- [Task details]:
Where the word "Canvas" shows up in the entries below, please copy the whole line.

Web page caption snippets:
[Start of section]
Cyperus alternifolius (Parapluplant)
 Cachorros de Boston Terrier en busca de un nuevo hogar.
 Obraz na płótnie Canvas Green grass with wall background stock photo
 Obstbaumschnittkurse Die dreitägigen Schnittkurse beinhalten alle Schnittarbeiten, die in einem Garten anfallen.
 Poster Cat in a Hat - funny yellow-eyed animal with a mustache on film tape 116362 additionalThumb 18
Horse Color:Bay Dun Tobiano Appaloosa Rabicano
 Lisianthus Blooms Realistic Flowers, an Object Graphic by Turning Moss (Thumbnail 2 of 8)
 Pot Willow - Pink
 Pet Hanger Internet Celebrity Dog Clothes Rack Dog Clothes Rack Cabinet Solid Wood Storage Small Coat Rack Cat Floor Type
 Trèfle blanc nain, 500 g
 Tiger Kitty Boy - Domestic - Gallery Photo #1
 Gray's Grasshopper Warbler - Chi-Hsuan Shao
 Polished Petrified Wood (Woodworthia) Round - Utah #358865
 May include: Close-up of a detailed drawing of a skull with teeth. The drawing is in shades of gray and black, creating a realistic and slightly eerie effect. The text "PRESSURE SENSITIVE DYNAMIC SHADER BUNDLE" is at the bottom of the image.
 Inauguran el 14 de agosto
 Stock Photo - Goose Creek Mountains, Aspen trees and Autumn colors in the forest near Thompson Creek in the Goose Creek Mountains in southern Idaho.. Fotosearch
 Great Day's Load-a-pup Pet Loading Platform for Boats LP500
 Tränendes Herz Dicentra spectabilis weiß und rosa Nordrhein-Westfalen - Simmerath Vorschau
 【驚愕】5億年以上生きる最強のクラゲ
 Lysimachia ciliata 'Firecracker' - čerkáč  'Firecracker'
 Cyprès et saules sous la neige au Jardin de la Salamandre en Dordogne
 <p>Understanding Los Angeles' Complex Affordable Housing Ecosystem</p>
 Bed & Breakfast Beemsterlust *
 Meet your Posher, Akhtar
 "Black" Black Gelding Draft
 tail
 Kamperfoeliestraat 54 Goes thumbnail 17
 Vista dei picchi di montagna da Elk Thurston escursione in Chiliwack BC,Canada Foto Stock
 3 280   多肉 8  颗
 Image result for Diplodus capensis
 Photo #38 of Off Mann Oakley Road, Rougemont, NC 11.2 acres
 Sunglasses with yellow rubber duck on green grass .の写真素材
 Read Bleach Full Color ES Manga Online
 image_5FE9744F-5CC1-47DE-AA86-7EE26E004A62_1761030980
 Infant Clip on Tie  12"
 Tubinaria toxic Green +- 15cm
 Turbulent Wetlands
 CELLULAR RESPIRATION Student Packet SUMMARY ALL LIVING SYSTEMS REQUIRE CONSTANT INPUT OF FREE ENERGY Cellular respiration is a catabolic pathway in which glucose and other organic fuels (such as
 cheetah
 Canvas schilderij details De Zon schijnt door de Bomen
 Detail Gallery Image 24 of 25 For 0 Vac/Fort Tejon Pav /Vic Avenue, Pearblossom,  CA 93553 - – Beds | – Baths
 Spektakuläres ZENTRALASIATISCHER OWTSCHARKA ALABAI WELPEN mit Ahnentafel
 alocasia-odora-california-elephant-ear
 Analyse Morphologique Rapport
[End of section]
- [Expected answer]:
 Obraz na płótnie Canvas Green grass with wall background stock photo
 Canvas schilderij details De Zon schijnt door de Bomen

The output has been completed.